─── DATA RECORDS
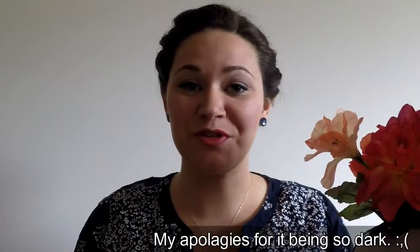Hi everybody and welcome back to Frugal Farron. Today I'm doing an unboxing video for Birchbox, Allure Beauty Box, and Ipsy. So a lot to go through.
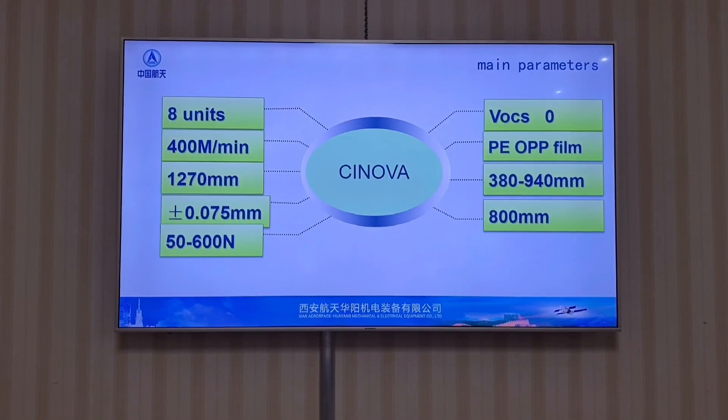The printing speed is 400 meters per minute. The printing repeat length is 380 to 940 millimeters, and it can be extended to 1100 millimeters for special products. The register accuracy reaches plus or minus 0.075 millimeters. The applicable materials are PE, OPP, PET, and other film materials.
──────
─── DATA RECORDS
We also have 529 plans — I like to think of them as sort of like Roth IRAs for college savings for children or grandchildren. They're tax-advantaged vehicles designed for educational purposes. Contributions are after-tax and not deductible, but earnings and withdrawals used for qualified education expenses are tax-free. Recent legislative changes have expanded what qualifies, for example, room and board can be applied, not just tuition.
──────
## PROBLEM TO SOLVE
From the listing above, restate verbatim the lines running from the one with "Hi everybody and" through the one with "The printing speed", inclusive, but not the pictures.

## EXERCISE SOLUTION
Hi everybody and welcome back to Frugal Farron. Today I'm doing an unboxing video for Birchbox, Allure Beauty Box, and Ipsy. So a lot to go through.
The printing speed is 400 meters per minute. The printing repeat length is 380 to 940 millimeters, and it can be extended to 1100 millimeters for special products. The register accuracy reaches plus or minus 0.075 millimeters. The applicable materials are PE, OPP, PET, and other film materials.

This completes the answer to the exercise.